**Work instruction**
The reply to the records below should contain exactly the lines from the line with "Lace-Sleeve Satin Robe - Black" through the line with "AEG Herdset AEG", and nothing besides.

Entries taken from a collection
---------------

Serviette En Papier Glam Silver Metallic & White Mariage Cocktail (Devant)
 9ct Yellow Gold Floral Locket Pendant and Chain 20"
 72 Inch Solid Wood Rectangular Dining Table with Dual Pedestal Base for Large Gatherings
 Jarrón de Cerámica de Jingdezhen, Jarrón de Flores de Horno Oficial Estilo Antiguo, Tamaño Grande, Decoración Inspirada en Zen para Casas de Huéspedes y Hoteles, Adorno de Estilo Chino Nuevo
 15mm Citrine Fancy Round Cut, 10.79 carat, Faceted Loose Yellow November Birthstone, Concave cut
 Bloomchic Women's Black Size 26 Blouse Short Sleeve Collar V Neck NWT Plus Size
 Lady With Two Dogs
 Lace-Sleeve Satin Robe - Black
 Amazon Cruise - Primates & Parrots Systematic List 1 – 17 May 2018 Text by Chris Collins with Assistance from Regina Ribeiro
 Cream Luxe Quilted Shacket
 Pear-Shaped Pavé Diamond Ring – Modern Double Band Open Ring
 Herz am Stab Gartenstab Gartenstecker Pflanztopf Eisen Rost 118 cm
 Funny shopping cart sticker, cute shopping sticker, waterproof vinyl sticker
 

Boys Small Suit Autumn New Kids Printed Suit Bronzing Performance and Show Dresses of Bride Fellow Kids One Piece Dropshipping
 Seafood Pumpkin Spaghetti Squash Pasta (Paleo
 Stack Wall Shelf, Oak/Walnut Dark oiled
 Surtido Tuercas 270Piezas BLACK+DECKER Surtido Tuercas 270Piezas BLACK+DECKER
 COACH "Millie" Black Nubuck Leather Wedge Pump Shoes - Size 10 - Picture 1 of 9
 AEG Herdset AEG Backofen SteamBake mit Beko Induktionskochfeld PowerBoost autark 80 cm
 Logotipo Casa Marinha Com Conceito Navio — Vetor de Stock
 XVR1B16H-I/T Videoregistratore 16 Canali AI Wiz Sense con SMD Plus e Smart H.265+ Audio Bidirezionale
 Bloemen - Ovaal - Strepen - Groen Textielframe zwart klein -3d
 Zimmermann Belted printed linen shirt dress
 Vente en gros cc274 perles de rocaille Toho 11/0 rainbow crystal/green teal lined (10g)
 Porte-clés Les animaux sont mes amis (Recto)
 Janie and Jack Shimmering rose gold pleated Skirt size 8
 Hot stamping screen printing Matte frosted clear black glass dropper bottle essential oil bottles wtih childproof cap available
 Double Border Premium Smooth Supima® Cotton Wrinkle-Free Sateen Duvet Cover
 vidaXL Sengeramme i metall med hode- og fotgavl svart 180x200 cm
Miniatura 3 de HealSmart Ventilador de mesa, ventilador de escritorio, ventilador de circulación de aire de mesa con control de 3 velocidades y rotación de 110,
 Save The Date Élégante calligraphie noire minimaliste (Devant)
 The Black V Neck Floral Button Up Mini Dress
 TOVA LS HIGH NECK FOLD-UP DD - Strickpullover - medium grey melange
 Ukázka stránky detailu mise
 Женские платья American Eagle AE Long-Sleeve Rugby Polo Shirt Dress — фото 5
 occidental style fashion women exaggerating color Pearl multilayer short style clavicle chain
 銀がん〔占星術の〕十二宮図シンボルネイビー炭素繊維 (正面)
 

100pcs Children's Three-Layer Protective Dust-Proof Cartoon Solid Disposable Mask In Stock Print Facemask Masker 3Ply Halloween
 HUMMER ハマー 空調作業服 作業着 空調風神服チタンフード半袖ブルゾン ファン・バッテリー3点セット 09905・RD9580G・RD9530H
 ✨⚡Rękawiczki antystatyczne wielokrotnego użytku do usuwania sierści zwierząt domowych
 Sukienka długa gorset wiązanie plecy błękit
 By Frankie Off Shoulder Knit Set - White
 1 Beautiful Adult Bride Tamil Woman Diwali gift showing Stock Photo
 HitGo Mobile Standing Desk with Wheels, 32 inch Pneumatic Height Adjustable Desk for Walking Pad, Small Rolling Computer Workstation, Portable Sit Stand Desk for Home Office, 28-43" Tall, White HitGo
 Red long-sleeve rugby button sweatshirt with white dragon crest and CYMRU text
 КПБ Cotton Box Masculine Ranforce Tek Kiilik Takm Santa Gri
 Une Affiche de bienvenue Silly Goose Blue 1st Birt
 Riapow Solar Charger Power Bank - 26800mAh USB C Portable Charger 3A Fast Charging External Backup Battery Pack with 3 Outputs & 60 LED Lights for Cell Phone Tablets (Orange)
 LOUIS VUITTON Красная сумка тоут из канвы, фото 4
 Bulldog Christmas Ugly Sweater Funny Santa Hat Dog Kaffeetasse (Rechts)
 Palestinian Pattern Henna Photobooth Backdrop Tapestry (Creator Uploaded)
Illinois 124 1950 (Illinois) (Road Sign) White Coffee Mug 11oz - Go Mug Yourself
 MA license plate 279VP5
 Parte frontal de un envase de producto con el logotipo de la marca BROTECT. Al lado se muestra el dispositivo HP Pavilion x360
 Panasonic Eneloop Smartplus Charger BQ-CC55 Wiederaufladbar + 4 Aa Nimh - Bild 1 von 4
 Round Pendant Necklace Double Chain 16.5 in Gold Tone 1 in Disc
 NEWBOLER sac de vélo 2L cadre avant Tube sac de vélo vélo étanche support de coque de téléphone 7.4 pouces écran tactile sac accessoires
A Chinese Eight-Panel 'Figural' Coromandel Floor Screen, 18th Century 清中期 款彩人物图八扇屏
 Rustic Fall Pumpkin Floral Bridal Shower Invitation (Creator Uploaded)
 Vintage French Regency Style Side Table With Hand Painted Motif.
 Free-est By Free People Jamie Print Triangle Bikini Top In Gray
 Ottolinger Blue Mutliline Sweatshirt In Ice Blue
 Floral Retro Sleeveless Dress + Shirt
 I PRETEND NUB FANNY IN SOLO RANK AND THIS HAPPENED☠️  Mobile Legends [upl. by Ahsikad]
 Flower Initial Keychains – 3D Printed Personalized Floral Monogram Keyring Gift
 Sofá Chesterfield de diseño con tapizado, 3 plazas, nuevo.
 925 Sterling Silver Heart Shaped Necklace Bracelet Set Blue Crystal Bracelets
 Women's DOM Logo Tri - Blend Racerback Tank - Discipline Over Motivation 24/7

---------------

**Solved problem**
 Lace-Sleeve Satin Robe - Black
 Amazon Cruise - Primates & Parrots Systematic List 1 – 17 May 2018 Text by Chris Collins with Assistance from Regina Ribeiro
 Cream Luxe Quilted Shacket
 Pear-Shaped Pavé Diamond Ring – Modern Double Band Open Ring
 Herz am Stab Gartenstab Gartenstecker Pflanztopf Eisen Rost 118 cm
 Funny shopping cart sticker, cute shopping sticker, waterproof vinyl sticker
 

Boys Small Suit Autumn New Kids Printed Suit Bronzing Performance and Show Dresses of Bride Fellow Kids One Piece Dropshipping
 Seafood Pumpkin Spaghetti Squash Pasta (Paleo
 Stack Wall Shelf, Oak/Walnut Dark oiled
 Surtido Tuercas 270Piezas BLACK+DECKER Surtido Tuercas 270Piezas BLACK+DECKER
 COACH "Millie" Black Nubuck Leather Wedge Pump Shoes - Size 10 - Picture 1 of 9
 AEG Herdset AEG Backofen SteamBake mit Beko Induktionskochfeld PowerBoost autark 80 cm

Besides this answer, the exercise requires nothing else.